• Exercise materials:
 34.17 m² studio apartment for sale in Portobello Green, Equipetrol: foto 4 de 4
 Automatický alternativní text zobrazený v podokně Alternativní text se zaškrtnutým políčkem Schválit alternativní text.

--

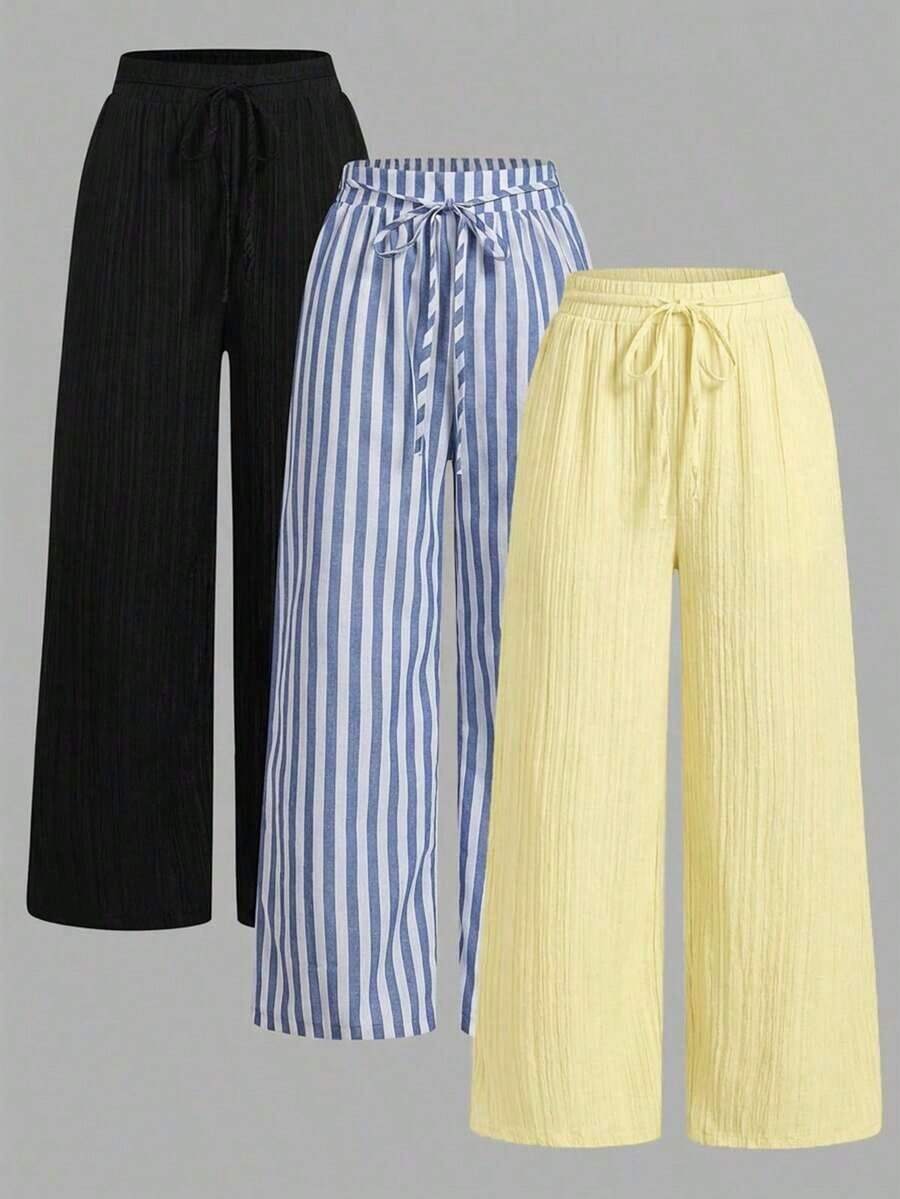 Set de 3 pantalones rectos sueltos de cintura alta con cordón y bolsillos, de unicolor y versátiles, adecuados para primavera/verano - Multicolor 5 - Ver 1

...

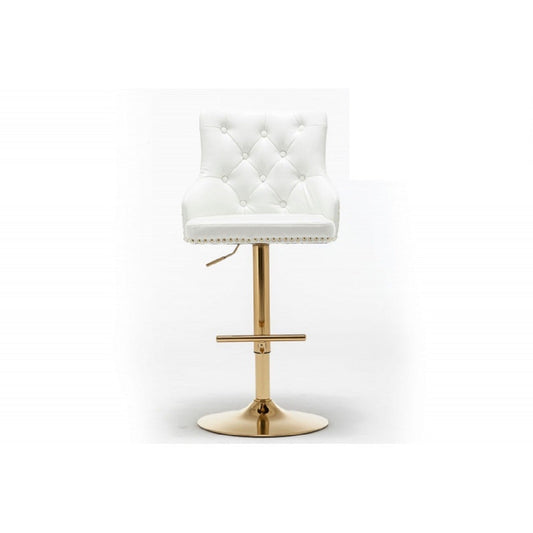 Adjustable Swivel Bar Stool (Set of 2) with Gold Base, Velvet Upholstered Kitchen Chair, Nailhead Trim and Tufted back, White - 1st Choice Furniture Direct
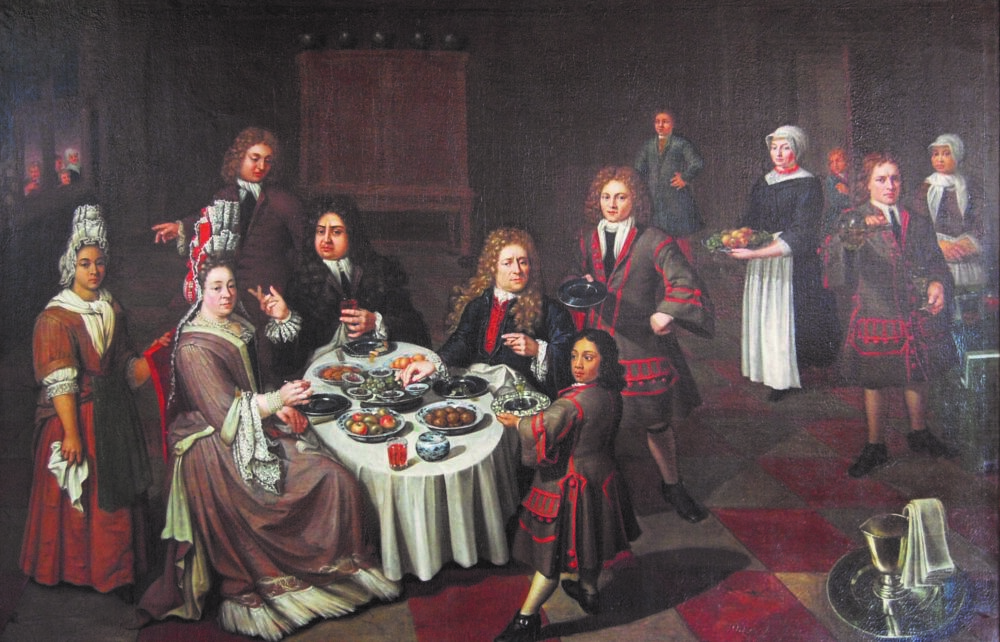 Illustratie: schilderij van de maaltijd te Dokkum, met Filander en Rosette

• Brief: In the listing above, locate the line containing "34.17 m² studio" and the line containing "Automatický alternativní text", then transcribe both and every line between them verbatim.

• Worked solution:
 34.17 m² studio apartment for sale in Portobello Green, Equipetrol: foto 4 de 4
 Automatický alternativní text zobrazený v podokně Alternativní text se zaškrtnutým políčkem Schválit alternativní text.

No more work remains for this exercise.